(DATA SHOWN begins)
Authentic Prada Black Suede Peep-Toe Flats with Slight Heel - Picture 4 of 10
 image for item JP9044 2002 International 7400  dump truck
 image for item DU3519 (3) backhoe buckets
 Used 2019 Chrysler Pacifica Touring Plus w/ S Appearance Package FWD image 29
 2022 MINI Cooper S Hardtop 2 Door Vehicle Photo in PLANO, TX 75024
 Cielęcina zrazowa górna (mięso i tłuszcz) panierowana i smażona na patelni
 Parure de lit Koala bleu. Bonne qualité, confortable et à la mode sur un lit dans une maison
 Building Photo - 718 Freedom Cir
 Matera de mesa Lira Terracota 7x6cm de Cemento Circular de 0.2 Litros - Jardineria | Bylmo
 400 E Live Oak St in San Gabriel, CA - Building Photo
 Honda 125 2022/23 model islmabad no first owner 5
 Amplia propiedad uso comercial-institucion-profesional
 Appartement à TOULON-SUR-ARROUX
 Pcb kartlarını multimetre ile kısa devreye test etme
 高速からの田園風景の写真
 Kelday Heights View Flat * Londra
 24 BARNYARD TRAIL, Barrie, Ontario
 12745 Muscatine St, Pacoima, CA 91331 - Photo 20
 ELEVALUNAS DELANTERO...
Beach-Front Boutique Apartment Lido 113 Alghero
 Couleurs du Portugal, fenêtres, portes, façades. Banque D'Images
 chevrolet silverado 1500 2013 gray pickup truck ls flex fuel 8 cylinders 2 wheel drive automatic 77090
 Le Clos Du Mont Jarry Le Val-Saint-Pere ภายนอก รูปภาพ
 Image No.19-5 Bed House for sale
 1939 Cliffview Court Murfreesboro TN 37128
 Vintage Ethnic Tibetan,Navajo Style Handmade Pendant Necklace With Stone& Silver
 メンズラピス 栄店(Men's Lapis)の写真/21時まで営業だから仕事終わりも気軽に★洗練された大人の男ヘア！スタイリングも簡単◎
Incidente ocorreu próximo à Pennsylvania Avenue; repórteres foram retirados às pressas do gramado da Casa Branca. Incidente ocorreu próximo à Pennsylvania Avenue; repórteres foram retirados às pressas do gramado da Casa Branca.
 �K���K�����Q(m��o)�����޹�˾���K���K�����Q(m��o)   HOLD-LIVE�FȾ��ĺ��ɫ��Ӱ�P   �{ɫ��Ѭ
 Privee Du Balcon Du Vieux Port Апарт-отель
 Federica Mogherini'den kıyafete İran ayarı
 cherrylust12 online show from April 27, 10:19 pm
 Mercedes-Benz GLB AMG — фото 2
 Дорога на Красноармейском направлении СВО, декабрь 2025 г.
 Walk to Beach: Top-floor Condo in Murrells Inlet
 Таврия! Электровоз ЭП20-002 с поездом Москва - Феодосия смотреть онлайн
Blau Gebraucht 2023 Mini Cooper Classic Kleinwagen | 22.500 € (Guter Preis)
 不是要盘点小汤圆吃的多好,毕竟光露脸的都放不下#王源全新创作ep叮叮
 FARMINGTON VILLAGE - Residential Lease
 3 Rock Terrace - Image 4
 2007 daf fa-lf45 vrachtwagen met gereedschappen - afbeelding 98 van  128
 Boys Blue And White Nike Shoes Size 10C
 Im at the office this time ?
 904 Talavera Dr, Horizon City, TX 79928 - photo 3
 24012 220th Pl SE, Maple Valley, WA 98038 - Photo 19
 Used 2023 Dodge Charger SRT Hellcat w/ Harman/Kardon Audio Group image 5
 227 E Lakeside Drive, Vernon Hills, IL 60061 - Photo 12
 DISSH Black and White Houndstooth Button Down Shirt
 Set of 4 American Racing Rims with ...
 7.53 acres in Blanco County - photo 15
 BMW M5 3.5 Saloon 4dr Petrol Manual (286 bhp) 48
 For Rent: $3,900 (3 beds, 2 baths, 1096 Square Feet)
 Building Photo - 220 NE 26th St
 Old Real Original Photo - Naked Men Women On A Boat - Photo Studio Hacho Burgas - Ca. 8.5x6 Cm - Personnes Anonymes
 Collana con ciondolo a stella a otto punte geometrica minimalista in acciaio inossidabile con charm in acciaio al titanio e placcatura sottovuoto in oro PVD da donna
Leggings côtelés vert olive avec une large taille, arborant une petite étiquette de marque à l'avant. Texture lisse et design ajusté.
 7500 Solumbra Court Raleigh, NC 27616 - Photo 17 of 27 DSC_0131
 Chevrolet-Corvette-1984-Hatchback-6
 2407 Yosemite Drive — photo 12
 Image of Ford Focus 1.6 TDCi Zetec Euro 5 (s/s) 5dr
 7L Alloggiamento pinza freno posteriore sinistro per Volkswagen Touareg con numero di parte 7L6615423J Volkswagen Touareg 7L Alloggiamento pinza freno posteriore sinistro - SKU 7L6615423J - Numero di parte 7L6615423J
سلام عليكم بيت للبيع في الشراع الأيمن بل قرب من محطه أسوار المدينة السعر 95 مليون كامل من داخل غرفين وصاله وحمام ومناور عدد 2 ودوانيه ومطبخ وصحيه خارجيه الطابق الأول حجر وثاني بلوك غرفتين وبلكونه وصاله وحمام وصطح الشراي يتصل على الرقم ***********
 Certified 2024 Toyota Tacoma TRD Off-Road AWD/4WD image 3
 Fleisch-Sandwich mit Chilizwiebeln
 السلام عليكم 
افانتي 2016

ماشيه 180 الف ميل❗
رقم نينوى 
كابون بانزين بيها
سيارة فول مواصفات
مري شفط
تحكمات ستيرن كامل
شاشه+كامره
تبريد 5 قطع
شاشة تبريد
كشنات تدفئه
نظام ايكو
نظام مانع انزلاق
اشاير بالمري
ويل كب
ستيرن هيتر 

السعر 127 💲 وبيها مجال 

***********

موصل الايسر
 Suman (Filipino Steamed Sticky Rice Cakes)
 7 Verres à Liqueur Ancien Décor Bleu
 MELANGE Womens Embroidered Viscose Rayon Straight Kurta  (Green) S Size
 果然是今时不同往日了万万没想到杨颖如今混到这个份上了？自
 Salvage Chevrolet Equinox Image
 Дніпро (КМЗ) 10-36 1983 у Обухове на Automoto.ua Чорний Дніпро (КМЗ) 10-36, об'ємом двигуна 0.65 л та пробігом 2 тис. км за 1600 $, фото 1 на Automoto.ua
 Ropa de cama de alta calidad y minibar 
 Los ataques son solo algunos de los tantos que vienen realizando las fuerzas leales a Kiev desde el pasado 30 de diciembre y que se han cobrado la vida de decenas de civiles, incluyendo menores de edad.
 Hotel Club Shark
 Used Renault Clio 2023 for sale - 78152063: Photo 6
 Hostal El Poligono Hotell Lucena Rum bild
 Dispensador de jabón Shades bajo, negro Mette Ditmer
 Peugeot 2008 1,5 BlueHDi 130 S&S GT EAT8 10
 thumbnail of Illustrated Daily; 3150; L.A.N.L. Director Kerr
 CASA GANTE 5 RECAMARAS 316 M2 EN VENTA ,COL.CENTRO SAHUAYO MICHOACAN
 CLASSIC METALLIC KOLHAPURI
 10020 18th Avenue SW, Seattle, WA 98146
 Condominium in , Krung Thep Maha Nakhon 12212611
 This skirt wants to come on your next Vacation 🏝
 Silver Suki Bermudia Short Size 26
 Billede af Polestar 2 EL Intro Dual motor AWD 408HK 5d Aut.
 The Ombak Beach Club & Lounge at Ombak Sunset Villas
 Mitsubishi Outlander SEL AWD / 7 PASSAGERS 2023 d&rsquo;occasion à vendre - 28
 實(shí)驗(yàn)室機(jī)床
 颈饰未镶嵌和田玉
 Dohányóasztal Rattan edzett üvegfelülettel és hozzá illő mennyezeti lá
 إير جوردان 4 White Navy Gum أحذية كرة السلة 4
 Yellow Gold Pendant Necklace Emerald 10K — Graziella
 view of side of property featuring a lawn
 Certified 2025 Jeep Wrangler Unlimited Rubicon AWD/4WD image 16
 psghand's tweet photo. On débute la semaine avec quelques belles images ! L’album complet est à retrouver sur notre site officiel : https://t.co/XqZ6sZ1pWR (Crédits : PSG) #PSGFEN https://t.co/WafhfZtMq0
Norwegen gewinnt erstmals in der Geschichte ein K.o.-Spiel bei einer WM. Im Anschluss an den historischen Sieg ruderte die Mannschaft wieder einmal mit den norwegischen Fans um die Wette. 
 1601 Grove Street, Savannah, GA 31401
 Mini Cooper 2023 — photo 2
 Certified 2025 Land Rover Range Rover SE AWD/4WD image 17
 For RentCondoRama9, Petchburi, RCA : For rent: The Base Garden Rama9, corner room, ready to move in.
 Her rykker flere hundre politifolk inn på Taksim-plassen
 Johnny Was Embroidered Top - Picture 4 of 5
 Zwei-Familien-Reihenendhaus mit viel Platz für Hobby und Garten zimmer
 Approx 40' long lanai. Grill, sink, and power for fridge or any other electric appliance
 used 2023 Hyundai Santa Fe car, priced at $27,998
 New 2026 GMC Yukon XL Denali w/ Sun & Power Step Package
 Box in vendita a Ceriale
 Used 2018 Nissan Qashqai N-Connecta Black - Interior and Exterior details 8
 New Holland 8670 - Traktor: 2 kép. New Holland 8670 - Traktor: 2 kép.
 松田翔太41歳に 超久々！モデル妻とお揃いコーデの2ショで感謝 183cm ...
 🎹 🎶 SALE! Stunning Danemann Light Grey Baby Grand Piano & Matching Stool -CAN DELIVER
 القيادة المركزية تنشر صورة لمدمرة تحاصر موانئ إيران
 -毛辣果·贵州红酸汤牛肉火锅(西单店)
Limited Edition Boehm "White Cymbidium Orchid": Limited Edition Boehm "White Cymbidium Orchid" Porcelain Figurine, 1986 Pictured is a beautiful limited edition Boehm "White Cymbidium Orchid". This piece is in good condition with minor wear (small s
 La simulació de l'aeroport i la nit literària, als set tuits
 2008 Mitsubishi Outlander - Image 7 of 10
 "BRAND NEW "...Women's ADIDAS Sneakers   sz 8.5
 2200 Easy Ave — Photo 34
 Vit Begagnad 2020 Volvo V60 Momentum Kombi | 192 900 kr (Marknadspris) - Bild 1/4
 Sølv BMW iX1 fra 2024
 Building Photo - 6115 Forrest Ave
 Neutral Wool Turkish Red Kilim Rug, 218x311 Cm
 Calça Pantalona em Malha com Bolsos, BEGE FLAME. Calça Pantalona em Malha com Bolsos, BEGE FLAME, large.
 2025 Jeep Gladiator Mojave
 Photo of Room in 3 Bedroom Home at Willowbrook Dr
(DATA SHOWN ends)
#### WHAT TO PRODUCE:
Return, unchanged, the run of lines above that opens with the line containing "Certified 2025 Land" and closes with the line containing "Johnny Was Embroidered Top - Picture 4 of 5". Include both.

#### RESPONSE AREA:
 Certified 2025 Land Rover Range Rover SE AWD/4WD image 17
 For RentCondoRama9, Petchburi, RCA : For rent: The Base Garden Rama9, corner room, ready to move in.
 Her rykker flere hundre politifolk inn på Taksim-plassen
 Johnny Was Embroidered Top - Picture 4 of 5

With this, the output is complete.